Residential high-rise buildings are seen in Mumbai on June 22, 2011. — Photo by AFP

MUMBAI: Chaos and contrasts reign in India's megacity melting-pot Mumbai, home to billionaires, movie stars, slum-dwellers and everyone in between.

But for the estimated 18 million people who live in the sprawling western city formerly known as Bombay, being in a place where anything goes is all part of the attraction.

“I love Bombay and I love the city,” said Nergish Sunawala, who works for Time Out Mumbai magazine. “I feel connected to it. All the confusion and so on, it just makes sense to me.

“I feel at home and I feel very safe here. I wouldn't live anywhere else.”

Sunawala's attitude is a common one, although others readily admit that the problems of rapid urbanisation in India's “Maximum City” see them veer from love to hate and back again.

“I don't like my city,” admitted Jerry Pinto, who co-edited the 2003 book “Bombay Meri Jaan” (My Dear Bombay), an anthology of writings on India's financial and entertainment capital.

“It's like a bad marriage. But I can't live anywhere else,” the writer told AFP.

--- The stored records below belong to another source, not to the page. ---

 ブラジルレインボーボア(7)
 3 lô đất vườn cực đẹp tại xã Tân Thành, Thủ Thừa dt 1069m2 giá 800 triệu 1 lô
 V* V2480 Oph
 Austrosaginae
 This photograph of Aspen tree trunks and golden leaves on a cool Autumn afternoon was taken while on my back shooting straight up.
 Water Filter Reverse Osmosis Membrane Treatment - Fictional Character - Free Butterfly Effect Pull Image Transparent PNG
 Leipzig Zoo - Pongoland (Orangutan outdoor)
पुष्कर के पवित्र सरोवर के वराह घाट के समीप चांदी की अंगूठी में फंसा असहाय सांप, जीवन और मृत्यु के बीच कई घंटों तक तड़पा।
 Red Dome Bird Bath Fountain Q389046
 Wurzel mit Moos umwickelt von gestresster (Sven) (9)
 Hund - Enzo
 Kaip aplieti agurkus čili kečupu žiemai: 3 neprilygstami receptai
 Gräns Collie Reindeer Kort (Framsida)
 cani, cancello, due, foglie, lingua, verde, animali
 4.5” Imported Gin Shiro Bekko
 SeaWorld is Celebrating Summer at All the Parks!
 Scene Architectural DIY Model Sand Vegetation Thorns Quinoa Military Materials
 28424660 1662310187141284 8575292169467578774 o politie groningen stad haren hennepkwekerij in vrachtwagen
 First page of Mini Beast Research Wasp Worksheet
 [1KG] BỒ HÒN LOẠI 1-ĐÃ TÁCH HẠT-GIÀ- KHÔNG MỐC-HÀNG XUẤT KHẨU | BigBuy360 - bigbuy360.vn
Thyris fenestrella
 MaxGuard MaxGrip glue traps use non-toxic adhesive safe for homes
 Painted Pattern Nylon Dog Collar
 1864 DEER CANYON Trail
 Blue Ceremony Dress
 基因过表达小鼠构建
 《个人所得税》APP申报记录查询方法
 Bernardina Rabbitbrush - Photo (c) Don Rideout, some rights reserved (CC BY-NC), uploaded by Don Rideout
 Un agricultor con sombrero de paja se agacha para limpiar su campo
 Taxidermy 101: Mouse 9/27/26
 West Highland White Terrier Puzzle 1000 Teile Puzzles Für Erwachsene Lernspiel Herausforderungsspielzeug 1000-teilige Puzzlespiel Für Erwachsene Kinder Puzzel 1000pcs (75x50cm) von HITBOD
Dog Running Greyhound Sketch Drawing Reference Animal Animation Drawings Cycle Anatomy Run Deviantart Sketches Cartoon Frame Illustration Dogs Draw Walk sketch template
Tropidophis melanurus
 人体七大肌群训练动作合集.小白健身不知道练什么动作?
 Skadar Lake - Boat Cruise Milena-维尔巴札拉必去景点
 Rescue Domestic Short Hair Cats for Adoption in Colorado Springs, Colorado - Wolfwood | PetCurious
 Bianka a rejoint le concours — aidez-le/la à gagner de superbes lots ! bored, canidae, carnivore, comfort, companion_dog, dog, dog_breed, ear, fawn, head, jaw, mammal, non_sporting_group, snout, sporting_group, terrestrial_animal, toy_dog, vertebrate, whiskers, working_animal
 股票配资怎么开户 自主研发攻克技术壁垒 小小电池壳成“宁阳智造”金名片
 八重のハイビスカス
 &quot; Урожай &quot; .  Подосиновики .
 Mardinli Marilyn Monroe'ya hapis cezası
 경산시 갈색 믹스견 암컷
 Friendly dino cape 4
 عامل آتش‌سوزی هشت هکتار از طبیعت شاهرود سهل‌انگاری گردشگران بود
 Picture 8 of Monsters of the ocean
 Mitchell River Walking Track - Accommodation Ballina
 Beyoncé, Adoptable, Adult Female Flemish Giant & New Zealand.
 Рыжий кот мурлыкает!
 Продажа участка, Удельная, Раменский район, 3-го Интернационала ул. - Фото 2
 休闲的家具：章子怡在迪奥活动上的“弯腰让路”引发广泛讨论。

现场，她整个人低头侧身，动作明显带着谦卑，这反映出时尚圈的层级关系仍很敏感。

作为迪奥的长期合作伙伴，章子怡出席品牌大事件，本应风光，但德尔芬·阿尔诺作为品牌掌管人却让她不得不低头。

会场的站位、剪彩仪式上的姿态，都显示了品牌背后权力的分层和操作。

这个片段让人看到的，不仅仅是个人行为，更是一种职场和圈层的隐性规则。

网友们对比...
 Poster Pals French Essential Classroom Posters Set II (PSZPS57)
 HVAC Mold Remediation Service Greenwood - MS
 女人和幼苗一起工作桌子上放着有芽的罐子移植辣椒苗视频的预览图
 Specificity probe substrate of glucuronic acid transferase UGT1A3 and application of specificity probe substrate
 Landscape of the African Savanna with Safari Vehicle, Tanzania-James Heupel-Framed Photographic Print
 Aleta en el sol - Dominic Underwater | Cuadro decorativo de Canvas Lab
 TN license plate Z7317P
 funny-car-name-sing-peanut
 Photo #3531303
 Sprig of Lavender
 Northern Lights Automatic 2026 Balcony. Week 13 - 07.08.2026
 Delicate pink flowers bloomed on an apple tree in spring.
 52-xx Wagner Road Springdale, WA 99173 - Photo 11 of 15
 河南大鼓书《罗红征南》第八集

Books, films, paintings and songs have all tried to capture the essence of Mumbai — its optimism and industriousness or its triumph over adversity, be it poverty, severe flooding or terror attacks.

For Pinto, perspective matters when trying to work out why people come to Mumbai — or any city. Too often, he says, observers fall into the trap of seeing a place as simply “good” or “bad”.

“In this sense Mumbai is a bad city, a dysfunctional one because a Western tourist sees only a traffic jam that takes him two hours to cross three kilometres,” he said.

“If you judge Mumbai by that standard, why, then, only a fool would come here.”

But people do come to Mumbai — and in their droves. For some it's out of economic necessity; for others it's to enjoy India's most cosmopolitan, culturally diverse city or for opportunities in a rapidly developing country.

Many still come to make it in Bollywood, the hugely-popular Hindi-language cinema industry, which is based in the city.

A vast mix of people, all trying to improve their lives, makes Mumbai a one-off among Indian cities, said Sita Wadhwani, the city editor of the travel web site CNNGo.com.

“It's unique in India. It's a lot more relaxed. There's a sense of getting on with things here,” she said.

“I personally feel that it's really a city where you can be yourself. In other places in India, you feel that cultural pressure, especially as a woman.

“Men and women are just busy becoming something of themselves. That's really the draw. You can come here without the pressure of family, society or caste.”

Unlike New Delhi, where crime against women is a growing problem, the relative safety of Mumbai is liberating, said Wadhwani, who was educated in the capital, Germany and Canada.

“Safety and ease of movement equals freedom,” she added.

Increasingly, Mumbai is home to foreign nationals, many of them drawn to the possibilities of modern India.

“From a business perspective, it's the promised land,” said Briton Danny Carroll, who came to India 16 years ago from west London and never left.

“In our working lifetime, I don't think we are going to find an economy that's going to grow or has as many great things happening to it as India.”

In-your-face Mumbai can be a shock to the system for some foreigners, particularly those used to a more structured way of life, said Carroll, who works for an Australian business consultancy firm.

“But if you like that sense of freedom bordering on anarchy, and the ability to be creative and do things differently, it's a fun challenge. You'll love it,” he added.

Time Out Mumbai's Sunawala says that confusion is just part of life in the city: she spent two years studying in upstate New York and admitted she didn't “get” the more ordered, quieter life of small town America.

Lalji Tabiyad is typical of the millions of internal migrants who come to Mumbai each year, most of them from India's rural heartland, and end up working in the vast unregulated sector, driving taxis or as housemaids.

He left the family farm in the north Indian state of Rajasthan at the age of 17. Twenty years on, he's still in Mumbai, selling sweet tea to office workers.

He earns anything from 2,000 rupees ($44) to 7,000 rupees a month and sends home what he can to support his family.

“I came to the city to find work and earn money,” said the “chaiwallah”, who is married with four daughters. “I could make more here than back home. It's a city of opportunity.

“At some point I'll go back — once I've made some more money.”

Mumbai, said Pinto, is a better option for a poor rural migrant than any other Indian city.

“Come to Mumbai and you'll find something to do, you'll find someone who speaks your language, you'll find a way to make some money to send home,” he said.

“As for the poor infrastructure and all the other things that make middle-class living hell, the poor in India don't notice because they've left behind a situation that is far worse.”